→ Material shown:
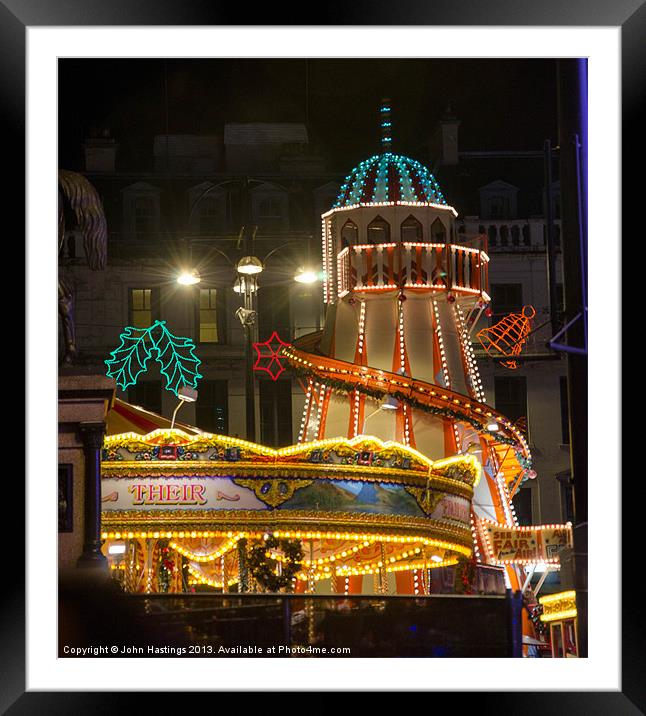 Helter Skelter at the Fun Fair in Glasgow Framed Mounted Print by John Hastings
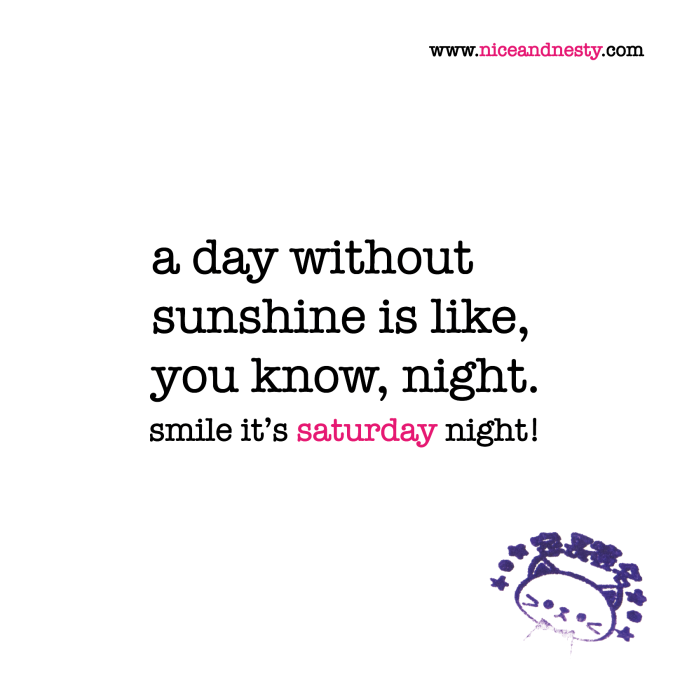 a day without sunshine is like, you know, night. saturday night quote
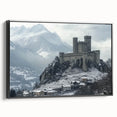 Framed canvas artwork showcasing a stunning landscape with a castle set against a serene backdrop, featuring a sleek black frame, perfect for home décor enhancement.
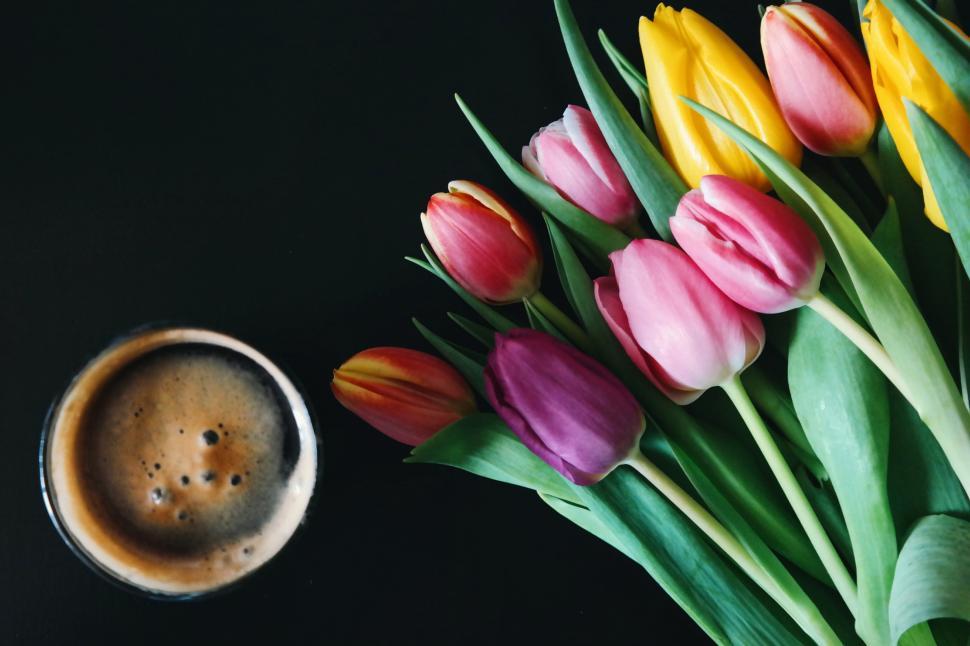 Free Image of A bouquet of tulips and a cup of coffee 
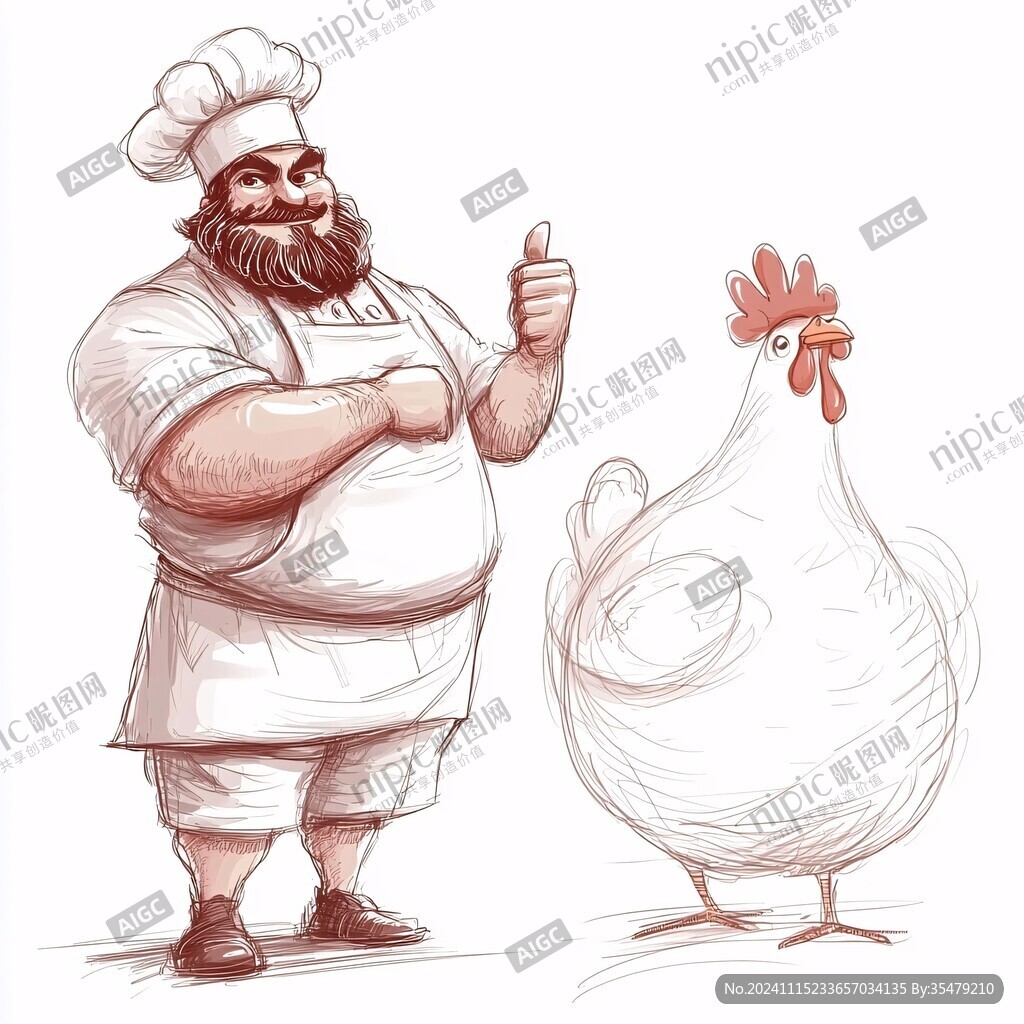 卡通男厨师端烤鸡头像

* * *

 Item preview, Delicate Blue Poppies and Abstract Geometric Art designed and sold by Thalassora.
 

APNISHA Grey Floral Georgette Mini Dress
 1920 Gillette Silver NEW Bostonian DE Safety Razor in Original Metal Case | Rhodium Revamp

→ Your task: Your answer must consist solely of the lines above between the line holding "APNISHA Grey Floral Georgette Mini Dress" and the line holding "1920 Gillette Silver", inclusive, copied exactly.

→ Answer below:
APNISHA Grey Floral Georgette Mini Dress
 1920 Gillette Silver NEW Bostonian DE Safety Razor in Original Metal Case | Rhodium Revamp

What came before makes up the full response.